Allora si è pensato a un pezzo del lanciatore Long March 3C della missione tecnologica Chang’è 5 T1, che la Cina aveva lanciato nel 2014. Si trattava della preparazione della missione Chang’è 5 che, nel dicembre 2020, ha raccolto e riportato a Terra campioni del suolo lunare. La missione incriminata aveva fatto un sorvolo della Luna per poi riprendere la via di casa. Visto che eventuali danni causati da un qualsiasi componente di una missione spaziale sono responsabilità di chi ha effettuato il lancio, a scanso di equivoci, l’agenzia spaziale cinese ha negato che fosse qualcosa di loro proprietà, dicendo che l’ultimo stadio di quel lanciatore si era distrutto rientrando nell’atmosfera.

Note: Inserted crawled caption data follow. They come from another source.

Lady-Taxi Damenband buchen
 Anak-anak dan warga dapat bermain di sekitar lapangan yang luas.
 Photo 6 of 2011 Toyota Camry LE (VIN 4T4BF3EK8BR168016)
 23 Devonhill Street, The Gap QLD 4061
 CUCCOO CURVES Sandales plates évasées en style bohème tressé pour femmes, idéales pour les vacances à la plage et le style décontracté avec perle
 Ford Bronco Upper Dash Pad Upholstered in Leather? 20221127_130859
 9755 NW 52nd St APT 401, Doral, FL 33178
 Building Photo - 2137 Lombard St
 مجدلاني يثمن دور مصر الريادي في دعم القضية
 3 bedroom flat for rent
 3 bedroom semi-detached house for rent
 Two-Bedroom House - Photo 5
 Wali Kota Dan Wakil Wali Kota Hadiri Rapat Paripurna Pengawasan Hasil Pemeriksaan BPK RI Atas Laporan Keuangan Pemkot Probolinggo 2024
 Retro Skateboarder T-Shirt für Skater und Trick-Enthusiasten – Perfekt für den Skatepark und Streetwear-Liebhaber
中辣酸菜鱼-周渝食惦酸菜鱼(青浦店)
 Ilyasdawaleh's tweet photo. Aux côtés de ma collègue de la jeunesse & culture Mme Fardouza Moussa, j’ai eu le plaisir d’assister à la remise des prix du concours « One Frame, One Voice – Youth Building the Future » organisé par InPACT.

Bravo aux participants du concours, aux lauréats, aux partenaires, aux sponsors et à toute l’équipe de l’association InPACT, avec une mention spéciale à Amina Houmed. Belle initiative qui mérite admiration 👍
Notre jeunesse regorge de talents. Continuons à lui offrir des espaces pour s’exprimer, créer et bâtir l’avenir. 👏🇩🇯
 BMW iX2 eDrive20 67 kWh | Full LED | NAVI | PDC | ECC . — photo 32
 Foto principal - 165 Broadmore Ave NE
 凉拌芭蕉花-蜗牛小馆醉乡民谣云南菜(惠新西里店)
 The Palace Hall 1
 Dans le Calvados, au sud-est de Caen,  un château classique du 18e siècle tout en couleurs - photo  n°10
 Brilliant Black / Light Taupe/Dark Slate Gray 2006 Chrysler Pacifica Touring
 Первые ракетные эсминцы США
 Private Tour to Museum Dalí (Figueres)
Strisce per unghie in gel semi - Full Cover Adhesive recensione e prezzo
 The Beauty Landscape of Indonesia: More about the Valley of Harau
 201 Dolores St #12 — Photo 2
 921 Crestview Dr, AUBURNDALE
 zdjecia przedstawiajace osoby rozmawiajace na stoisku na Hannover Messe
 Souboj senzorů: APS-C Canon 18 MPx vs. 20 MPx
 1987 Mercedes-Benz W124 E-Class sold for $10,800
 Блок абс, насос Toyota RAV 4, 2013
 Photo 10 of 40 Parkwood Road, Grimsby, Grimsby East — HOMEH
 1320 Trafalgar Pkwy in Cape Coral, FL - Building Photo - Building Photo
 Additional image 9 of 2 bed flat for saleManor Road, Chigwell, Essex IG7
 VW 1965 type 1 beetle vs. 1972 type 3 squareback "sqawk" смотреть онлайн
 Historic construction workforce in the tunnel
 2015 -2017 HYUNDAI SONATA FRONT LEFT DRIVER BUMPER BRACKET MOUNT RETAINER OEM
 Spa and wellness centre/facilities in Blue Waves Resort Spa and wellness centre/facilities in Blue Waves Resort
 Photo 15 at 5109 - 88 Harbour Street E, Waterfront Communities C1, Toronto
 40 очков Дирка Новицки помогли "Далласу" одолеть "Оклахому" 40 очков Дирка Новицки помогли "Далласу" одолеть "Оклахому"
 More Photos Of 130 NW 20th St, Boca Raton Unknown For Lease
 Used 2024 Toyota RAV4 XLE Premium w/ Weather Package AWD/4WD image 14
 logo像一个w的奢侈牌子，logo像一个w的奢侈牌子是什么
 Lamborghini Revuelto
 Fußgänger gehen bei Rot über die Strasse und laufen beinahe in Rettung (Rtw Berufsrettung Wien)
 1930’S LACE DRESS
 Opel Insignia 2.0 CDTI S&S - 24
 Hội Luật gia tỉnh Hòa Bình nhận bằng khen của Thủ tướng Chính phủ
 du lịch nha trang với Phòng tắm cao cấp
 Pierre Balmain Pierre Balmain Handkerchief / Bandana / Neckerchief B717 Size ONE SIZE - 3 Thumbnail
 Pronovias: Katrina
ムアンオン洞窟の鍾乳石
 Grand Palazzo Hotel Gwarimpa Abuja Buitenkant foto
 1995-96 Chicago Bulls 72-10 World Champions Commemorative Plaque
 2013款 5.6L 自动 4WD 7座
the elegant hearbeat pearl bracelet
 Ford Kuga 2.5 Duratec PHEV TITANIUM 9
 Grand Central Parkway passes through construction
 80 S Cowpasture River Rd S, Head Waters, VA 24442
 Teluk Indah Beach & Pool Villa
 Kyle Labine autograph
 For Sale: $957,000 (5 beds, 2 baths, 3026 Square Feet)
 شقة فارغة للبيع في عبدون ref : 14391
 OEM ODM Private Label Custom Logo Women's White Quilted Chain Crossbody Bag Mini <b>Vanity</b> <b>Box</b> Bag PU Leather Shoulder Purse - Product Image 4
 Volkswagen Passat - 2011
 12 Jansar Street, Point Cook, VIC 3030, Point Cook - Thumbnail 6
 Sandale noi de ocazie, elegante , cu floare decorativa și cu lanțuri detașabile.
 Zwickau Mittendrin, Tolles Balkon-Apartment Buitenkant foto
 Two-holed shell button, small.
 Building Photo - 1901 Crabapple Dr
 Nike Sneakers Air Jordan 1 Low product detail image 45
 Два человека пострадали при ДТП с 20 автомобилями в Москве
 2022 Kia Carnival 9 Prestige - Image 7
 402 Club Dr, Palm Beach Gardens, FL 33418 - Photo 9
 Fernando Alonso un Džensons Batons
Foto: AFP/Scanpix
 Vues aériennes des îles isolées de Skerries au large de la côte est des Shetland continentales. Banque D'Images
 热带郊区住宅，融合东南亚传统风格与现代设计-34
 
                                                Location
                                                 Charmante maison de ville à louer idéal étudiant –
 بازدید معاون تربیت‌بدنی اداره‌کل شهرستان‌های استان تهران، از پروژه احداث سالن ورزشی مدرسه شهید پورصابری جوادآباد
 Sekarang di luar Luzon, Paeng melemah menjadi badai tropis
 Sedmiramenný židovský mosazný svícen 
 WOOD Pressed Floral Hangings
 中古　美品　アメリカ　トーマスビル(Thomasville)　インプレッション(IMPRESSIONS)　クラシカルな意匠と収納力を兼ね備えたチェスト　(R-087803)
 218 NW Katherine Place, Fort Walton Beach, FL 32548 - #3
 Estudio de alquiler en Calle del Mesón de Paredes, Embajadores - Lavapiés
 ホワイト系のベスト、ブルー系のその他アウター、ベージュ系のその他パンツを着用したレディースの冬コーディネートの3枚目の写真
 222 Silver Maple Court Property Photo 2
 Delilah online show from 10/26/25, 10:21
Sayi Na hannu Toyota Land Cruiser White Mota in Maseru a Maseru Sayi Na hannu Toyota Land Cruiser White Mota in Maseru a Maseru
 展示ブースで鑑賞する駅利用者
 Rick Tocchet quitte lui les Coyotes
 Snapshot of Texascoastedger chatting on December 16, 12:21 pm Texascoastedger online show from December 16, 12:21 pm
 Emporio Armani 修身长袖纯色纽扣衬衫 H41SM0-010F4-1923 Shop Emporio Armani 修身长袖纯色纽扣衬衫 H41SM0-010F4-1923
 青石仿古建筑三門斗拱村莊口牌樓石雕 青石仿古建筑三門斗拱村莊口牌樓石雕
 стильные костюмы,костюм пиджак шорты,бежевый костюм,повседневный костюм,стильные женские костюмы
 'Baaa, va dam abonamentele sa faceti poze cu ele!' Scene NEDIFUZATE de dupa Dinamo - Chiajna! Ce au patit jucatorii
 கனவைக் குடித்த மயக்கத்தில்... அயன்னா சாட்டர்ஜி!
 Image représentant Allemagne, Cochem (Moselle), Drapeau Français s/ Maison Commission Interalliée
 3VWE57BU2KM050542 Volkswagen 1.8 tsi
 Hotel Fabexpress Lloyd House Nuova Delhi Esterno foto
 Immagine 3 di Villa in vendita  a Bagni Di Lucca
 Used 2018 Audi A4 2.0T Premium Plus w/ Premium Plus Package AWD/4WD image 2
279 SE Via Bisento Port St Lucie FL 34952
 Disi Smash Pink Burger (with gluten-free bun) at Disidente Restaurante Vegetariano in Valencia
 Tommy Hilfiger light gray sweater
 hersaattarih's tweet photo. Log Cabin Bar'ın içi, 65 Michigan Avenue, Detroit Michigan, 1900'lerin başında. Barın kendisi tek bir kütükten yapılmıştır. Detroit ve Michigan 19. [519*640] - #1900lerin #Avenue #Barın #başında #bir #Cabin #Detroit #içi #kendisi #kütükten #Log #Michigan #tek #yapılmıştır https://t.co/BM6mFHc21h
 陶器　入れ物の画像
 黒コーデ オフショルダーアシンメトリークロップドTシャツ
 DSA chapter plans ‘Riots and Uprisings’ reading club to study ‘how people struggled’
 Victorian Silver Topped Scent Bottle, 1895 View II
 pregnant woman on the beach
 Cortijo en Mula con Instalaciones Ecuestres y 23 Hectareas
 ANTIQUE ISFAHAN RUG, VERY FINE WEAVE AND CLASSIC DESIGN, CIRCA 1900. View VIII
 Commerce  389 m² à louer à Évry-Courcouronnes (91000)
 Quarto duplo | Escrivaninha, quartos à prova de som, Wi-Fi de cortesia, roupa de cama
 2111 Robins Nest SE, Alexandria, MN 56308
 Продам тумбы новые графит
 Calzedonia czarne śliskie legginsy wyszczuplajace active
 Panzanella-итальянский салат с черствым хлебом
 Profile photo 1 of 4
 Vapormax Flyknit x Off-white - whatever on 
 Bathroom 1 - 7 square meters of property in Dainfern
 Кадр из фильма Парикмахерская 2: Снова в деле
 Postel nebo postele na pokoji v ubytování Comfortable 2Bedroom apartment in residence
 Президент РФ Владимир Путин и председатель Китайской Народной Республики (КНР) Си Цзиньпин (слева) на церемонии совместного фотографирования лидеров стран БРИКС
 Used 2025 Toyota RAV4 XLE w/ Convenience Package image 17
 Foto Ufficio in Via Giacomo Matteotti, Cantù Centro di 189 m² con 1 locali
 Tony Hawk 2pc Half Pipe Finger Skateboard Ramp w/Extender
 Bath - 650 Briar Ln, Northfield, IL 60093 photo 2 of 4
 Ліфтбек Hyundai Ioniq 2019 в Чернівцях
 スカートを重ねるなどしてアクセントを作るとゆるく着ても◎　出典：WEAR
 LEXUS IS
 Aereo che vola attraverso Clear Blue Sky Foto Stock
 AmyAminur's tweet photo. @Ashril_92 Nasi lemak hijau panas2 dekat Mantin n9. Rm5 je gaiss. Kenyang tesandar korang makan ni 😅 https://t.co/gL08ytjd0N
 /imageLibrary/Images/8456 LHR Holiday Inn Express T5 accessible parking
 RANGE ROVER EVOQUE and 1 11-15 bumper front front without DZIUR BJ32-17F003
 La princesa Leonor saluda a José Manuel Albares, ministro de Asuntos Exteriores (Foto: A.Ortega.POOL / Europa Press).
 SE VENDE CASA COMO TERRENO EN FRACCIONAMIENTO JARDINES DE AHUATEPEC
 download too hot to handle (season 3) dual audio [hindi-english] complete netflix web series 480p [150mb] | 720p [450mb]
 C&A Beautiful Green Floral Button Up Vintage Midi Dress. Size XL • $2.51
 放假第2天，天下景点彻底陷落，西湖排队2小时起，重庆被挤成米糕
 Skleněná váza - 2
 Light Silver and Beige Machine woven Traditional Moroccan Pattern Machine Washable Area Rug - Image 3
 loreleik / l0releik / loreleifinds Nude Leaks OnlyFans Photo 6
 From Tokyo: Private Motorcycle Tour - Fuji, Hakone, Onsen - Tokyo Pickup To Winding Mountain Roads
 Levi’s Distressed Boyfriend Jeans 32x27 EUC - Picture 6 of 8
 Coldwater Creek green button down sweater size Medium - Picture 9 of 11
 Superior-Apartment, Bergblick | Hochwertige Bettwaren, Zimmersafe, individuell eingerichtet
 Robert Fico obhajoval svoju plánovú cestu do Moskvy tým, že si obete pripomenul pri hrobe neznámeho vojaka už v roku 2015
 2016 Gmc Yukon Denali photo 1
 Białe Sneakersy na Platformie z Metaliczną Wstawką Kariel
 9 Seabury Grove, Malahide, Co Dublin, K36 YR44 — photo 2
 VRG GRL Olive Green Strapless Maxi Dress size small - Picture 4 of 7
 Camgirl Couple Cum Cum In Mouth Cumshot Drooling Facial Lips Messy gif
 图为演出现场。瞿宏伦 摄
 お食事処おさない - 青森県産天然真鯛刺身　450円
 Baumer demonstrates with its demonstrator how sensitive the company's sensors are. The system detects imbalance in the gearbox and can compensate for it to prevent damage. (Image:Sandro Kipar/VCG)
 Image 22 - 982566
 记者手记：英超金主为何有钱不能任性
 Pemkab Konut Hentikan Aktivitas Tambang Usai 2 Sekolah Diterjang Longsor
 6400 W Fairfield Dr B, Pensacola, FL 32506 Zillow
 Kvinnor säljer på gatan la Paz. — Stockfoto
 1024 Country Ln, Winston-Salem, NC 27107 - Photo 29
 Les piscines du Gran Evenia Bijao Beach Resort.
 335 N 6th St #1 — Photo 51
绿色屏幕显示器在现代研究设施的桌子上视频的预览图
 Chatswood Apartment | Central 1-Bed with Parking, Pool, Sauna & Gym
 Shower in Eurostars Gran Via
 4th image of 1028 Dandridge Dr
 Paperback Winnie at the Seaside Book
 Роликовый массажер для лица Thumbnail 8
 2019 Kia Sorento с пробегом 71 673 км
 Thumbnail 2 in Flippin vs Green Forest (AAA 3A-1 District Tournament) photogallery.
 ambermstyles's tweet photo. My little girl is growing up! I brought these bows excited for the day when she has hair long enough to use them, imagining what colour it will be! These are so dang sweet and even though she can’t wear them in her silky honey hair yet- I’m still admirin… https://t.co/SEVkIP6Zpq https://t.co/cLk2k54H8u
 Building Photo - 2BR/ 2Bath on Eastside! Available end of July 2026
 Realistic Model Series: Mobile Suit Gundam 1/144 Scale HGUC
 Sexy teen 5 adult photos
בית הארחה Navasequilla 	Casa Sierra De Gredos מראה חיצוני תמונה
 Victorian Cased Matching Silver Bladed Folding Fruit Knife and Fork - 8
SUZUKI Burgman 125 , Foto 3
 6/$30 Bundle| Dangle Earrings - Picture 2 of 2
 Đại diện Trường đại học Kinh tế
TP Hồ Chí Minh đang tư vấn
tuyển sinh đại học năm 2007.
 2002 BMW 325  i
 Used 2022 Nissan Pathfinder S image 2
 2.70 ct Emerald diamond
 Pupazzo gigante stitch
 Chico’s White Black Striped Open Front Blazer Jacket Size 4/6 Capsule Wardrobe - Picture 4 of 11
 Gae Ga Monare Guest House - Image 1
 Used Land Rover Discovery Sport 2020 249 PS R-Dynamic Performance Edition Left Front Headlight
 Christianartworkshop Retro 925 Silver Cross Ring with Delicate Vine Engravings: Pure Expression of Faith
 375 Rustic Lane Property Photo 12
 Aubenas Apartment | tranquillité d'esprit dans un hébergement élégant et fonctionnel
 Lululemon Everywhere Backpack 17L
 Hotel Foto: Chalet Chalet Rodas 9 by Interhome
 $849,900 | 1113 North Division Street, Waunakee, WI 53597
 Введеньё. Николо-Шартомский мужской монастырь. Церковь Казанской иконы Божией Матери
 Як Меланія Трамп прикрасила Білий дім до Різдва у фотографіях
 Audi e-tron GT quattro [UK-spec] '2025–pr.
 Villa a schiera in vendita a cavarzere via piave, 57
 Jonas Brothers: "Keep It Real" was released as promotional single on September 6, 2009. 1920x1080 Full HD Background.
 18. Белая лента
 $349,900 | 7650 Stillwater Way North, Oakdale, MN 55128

L’affermazione viene messa in dubbio dallo Space Force’s 18th Space Control Squadron (18SPCS) che controlla la pletora di detriti spaziali che orbitano intorno alla Terra. Secondo i loro dati il lanciatore della missione Chang’è 5 T1, che era in rotta verso la Terra, non è rientrato nell’atmosfera, quindi deve avere trascorso gli ultimi otto anni a viaggiare tra la Terra e la Luna, seguendo traiettorie complicate dalla continua interazione con la gravità dei due corpi celesti, fino ad entrare in rotta di collisione.
La dichiarazione ufficiale è la seguente:
While U.S. Space Command can confirm the CHANG’E 5-T1 rocket body never de-orbited, we cannot confirm the country of origin of the rocket body that may impact the moon
Tuttavia, l’impattatore misterioso ha suonato un campanello di allarme ricordando che nessuno si preoccupa di censire i molti oggetti (qualcuno dice anche 200) che orbitano intorno alla Luna. Un problema che forse sarebbe il caso di considerare, visto il rinnovato interesse per il nostro satellite che vedrà non meno di 50 missioni nei prossimi cinque anni. Nessuno vuole correre il rischio di ricevere una visita non programmata, magari su una base lunare che ospita equipaggi umani. Non dimentichiamo che la Luna non può contare sull’aiuto dell’atmosfera che, sulla Terra, accoglie in modo bruciante i detriti, distruggendoli prima che causino danni. Il vuoto cosmico lascia passare tutto e lo schianto è inevitabile.